*DATASET EXCERPT*:
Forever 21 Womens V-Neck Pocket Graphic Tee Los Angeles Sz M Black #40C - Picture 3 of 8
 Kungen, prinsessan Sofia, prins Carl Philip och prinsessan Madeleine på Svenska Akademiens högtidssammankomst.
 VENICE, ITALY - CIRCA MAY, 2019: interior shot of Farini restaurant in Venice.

*ACTIVITY*: Copy out the entire listing again, word for word.

*RESULT BELOW*:
Forever 21 Womens V-Neck Pocket Graphic Tee Los Angeles Sz M Black #40C - Picture 3 of 8
 Kungen, prinsessan Sofia, prins Carl Philip och prinsessan Madeleine på Svenska Akademiens högtidssammankomst.
 VENICE, ITALY - CIRCA MAY, 2019: interior shot of Farini restaurant in Venice.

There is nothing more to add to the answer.